B) is bound to introduce delays. People won't forward these on their own, we'll have to ask, etc, etc. I'd rather just be able to look at a release node and see if something's wrong, instead of asking the owner to forward me an email.

C) is just about as much work as our other plan, which is already in progress.

i don't think this is re-inventing the wheel. if i create a release node, i expect to look at that release node and see information about that release node. i wouldn't automatically think "gee, this node still doesn't have a tarball, maybe i should check my e-mail in case something was pushed there"...

Anonymous’s picture

@dww: I was looking at CVS HEAD and the file I pointed to in #9 was updated only two weeks ago.

@drewish: I agree that number needs to be errno. We also should have error column for our description of errno. We can use message to contain the text from the process if there is any.

@killes: I don't think email is good enough. If a casual observer of the package sees the error he can help fix it. So displaying the error in the release node has valuable side effects. Besides what happens in the email bounce situation; there is then no notice by which we can achieve the desired effect.

Anonymous’s picture

Looking at package_release_nodes.php this morning I'm thinking that wd_err function will need to change to add the errno to the parameter list. Also I think we can use POSIX errors such as ENOTDIR, ENOENT, etc. If we decide that an error column is required that can be easily assigned via an array or it may be overkill. The wd_err function will also change to populate the table. Comments? Is there any time that we need to populate the error table outside of wd_err?

@dww: I apologize. I now realize link @ #9 wasn't a view of HEAD.

Anonymous’s picture

I'm attaching a patch for package-release-nodes.php incorporating my idea at #16. I've not populated a timestamp or error column. Are these needed?

drewish’s picture

<rant>grrr... all you people with errno and other cryptic variable names. you're the reason we've got aid bid pid and no one knows what they mean where. it's not 1970, we aren't waiting for 300 baud modems and we can fit more than 80-characters on a line. we can afford the luxury of saying what we mean. can't we just spell it out?</rant>

dww’s picture

@drewish -- i totally share your general point (see my similar rants about "pid" showing up dozens of times in the drupal schema and the $node object, with utterly different meanings, etc). however, in this case, i think you're mistaken. "errno" isn't exactly cryptic, and is certainly more clear than "number" in terms of what it's for. if you really want to bend over backwards to coddle the newbies, "error_code" would be ok, but "number" is totally vague.

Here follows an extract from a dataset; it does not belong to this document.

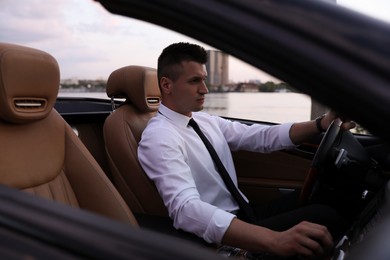 Photo of Stylish handsome businessman driving luxury convertible car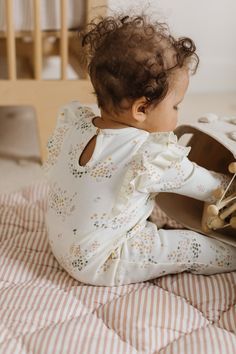 You won't be able to resist that extra squeeze when you see your little one in our oh-so-sweet Flutter Romper. An all-in-one outfit made with certified organic cotton, playful flutter sleeves and a keyhole back bring our perfectly hued prints to life, with snaps at the legs for easy peasy diaper changes. Organic Cotton & Dyes Ethically Made Leg Snaps, Blue Bell Flowers, Cool Baby Clothes, Trendy Baby Clothes, Baby Trend, Cotton Romper, Flower Patch, Ruffle Romper, Clothes Crafts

All that said, it's not 100% clear we even need an errno anymore. ;) If we're just going to nuke all the records each time we're about to try to package something, and the table just displays the error messages directly, there's not really any reason for an errno. Let's just store and display the full error text and be done with it. Makes it easier to not have to worry about adding errno's to wd_err(), too. ;)

Re: timestamps -- see my comments in #11 above. Basically -- no, we don't need them in this table, but it might be worth adding a "last packaging run" timestamp to the {project_release_nodes} table -- see http://drupal.org/node/174819

So, unfortunately, Earnie, that means your latest patch at #17 isn't really going to help -- sorry you spent time on that. :( All we really need from there is the code in wd_err() to generate the new record in the table.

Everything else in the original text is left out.